Jouvenel Bertrand de

1903-1987


Grand visionnaire de l'écologie, libéral en économie comme en politique ou en culture, ce brillant causeur aux multiples visages a été, avec le groupe Futuribles, l'un des pionniers de la prospective. Mort il y a maintenant un peu moins de quinze ans, il séduit encore, toutes colorations politiques confondues.
source: Cécile Romane

Visite de Jean-François Revel chez Bertrand de Jouvenel

Dans ses mémoires, Le voleur dans la maison vide, Jean-François Revel, apporte un précieux témoignage sur certains aspects controversés de la vie et de l'oeuvre de Bertrand de Jouvenel.
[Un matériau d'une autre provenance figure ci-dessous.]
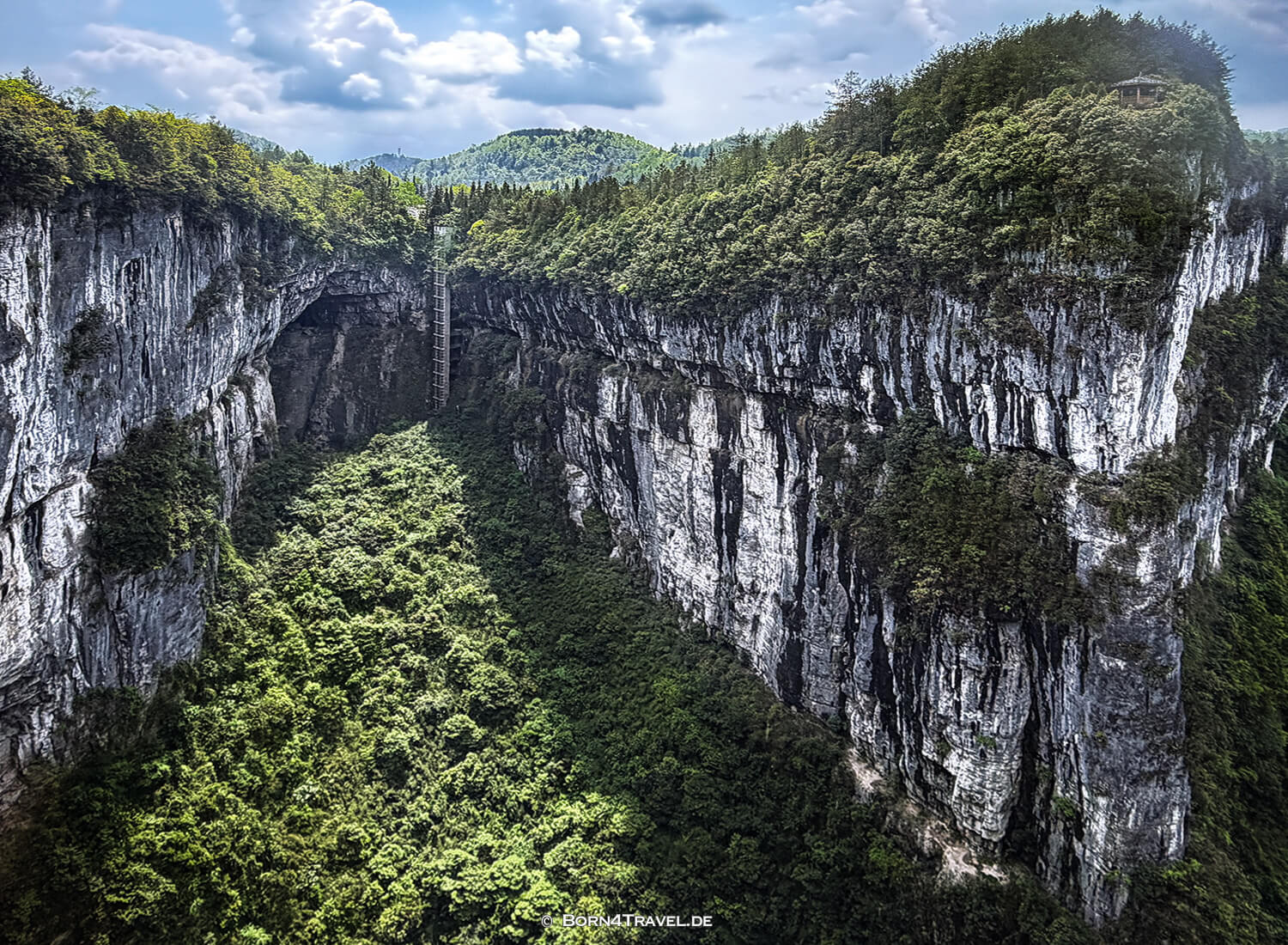 Three Natural Bridges (天生三桥) im Wulong-Karstgebiet.,China2026,born4travel.de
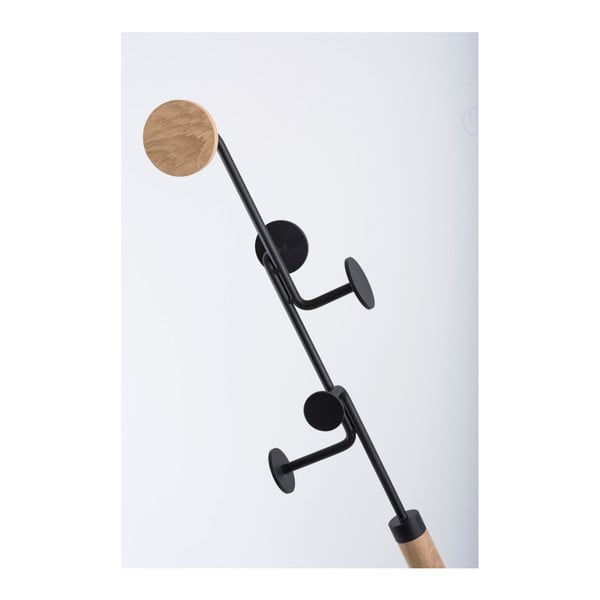 Stojací věšák z masivního dubového dřeva s černým detailem Gazzda Hook-image-4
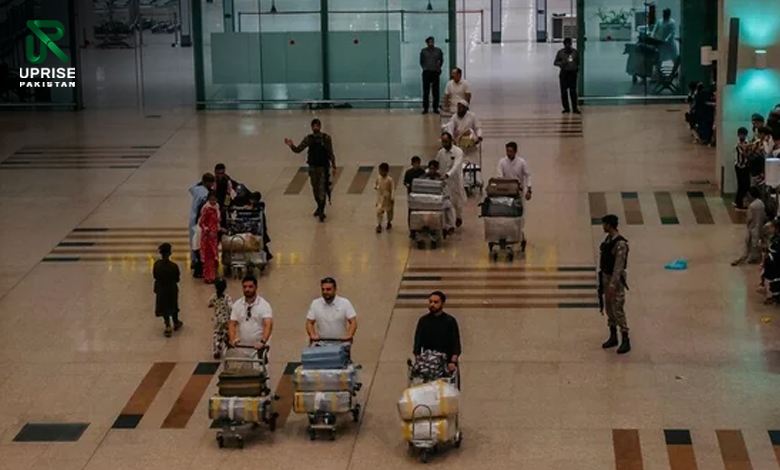 UAE Expels Pakistani Workers As Peace Diplomacy Triggers Backlash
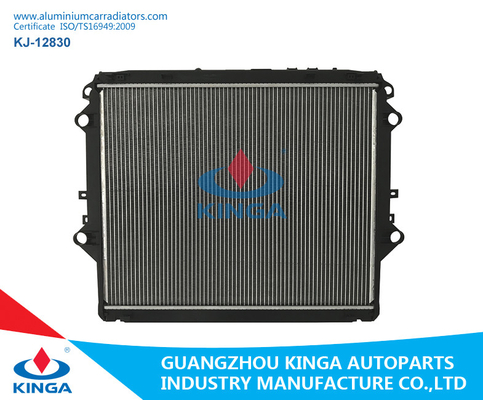 Chine radiateurs en aluminium de soudure de voiture du système de refroidissement 16400-0L431 à refroidissement par eau fournisseur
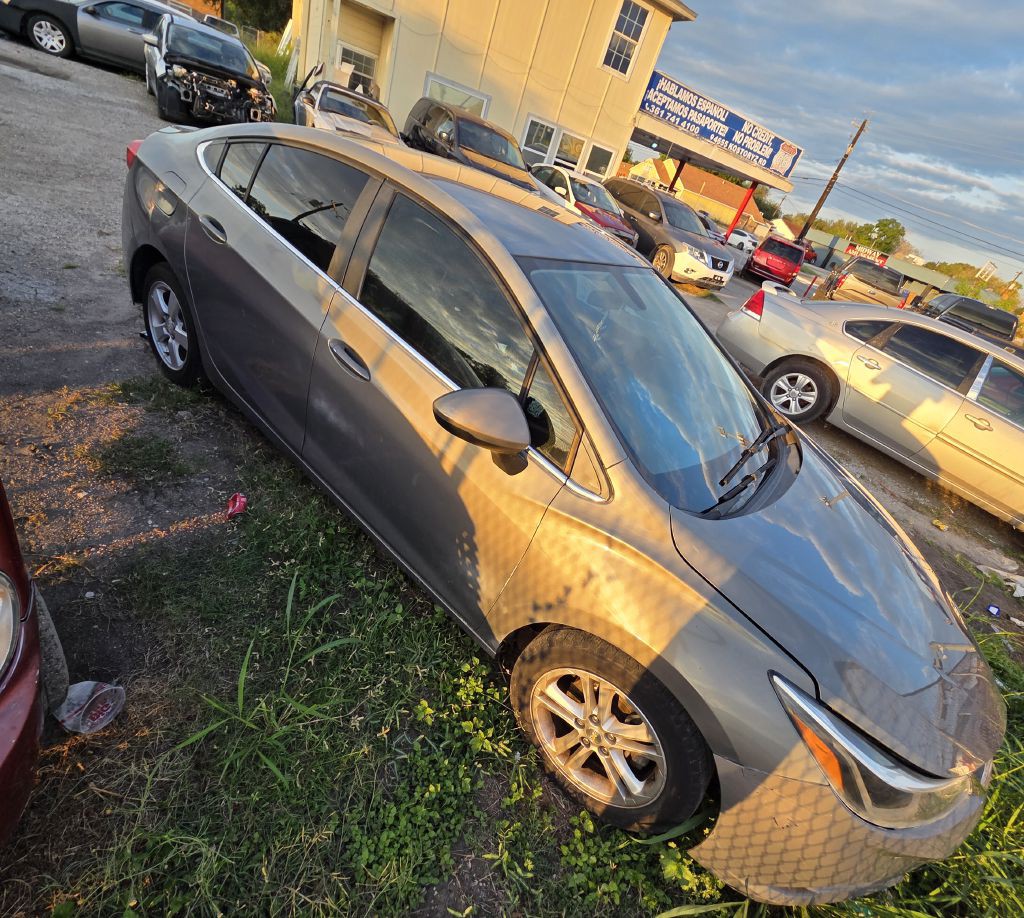 2017 Chevrolet Cruze Image 5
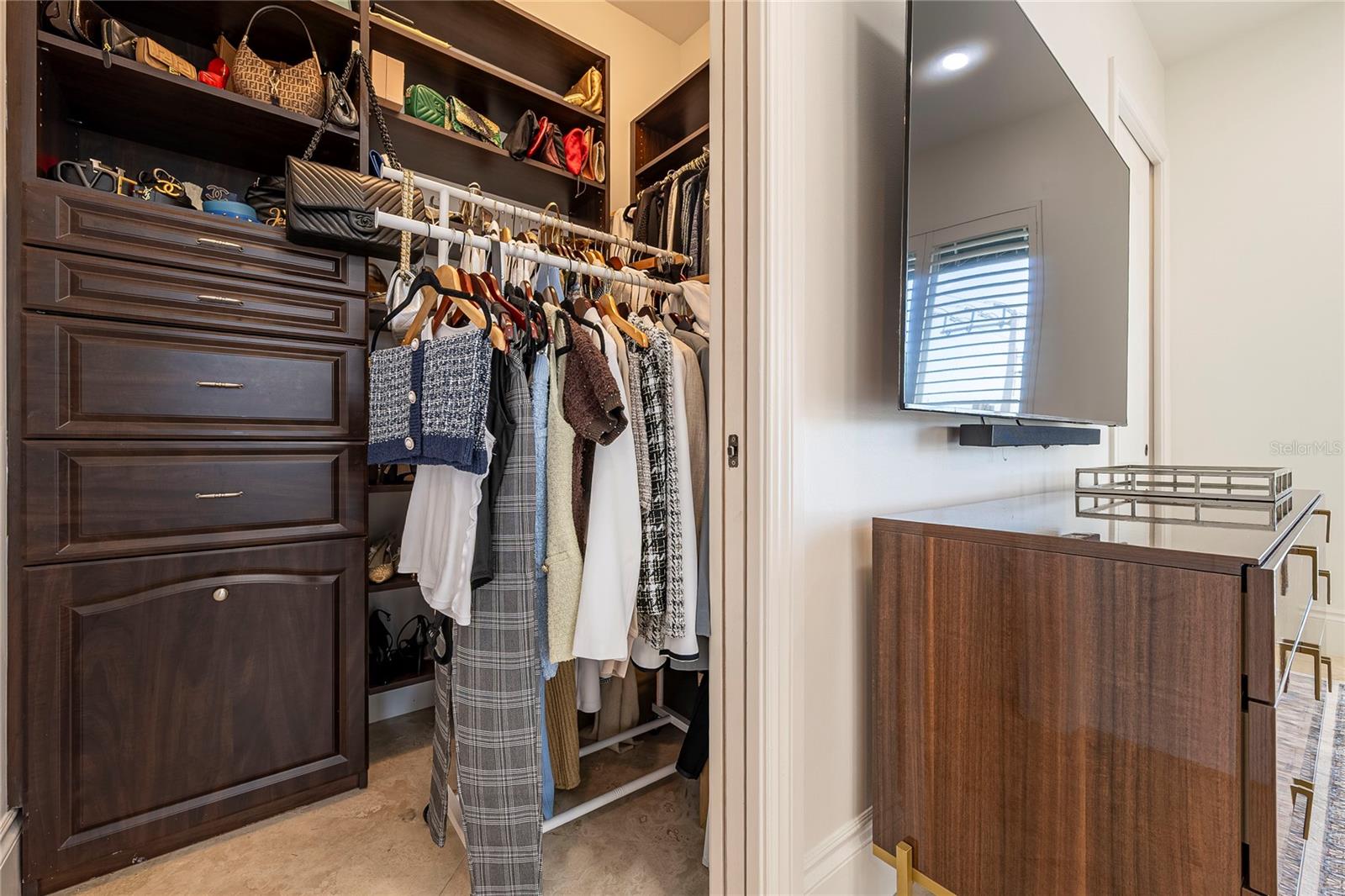 Image 33 of 65 For 430 Sunset Drive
«J'avais devant moi, écrit Revel, l'un des fondateurs mondialement connus de la science politique contemporaine, le précurseur d'une réflexion originale sur l'avenir, l'auteur de livres fondamentaux et classiques, dont les titres vigoureux et concis étaient gravés dans tant de mémoires : Du pouvoir, De la souveraineté, De la politique pure, L'Art de la conjecture. Et j'avais aussi devant moi celui dont une légende persistante faisait le modèle du personnage de Colette, Chéri. Je dis bien légende, car Chéri était achevé quand Bertrand de Jouvenel rencontra Colette, mais légende qui devait se transformer en demi-vérité ; la romancière éprouva pour le jeune Bertrand une inclination qui semble bien être allée jusqu'à la chute. Non sans drames : Colette, en effet, était la seconde femme du père de Bertrand, ce personnage considérable de la IIIe République que fut Henry de Jouvenel, sénateur de la Corrèze, ministre, ambassadeur, l'une des têtes pensantes et influentes du Parti radical, alors pivot du système. Adorateur et adoré des femmes, adepte du maternage sinon du matriarcat, certes, Bertrand devait l'être toujours.»
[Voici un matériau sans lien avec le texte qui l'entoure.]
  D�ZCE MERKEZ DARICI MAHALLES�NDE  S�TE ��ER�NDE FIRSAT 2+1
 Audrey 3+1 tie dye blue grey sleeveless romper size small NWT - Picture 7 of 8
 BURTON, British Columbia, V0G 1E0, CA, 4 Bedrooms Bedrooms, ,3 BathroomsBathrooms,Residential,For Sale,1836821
Oubliant ou ignorant qu'il était reçu chez Léon Blum et qu'il avait autant d'amis dans les partis de gauche que dans les partis de droite, on le range parfois, avec mépris parmi les collaborateurs et les fascistes. C'est là, pour Revel, une réputation imméritée. «Sous l'Occupation, il est chargé par les services de renseignement français, où il est entré en 1939, de surveiller les milieux de la collaboration. Une vieille amitié avec Otto Abetz, l'ambassadeur du IIIe Reich en France occupée, lui en rend l'accès facile, ce qui ne manque pas de lui forger à lui-même une réputation gênante et imméritée de collaborateur.»
Jean-François Revel, Mémoires – Le voleur dans la maison vide, Éditions Plon, 1997, p. 433.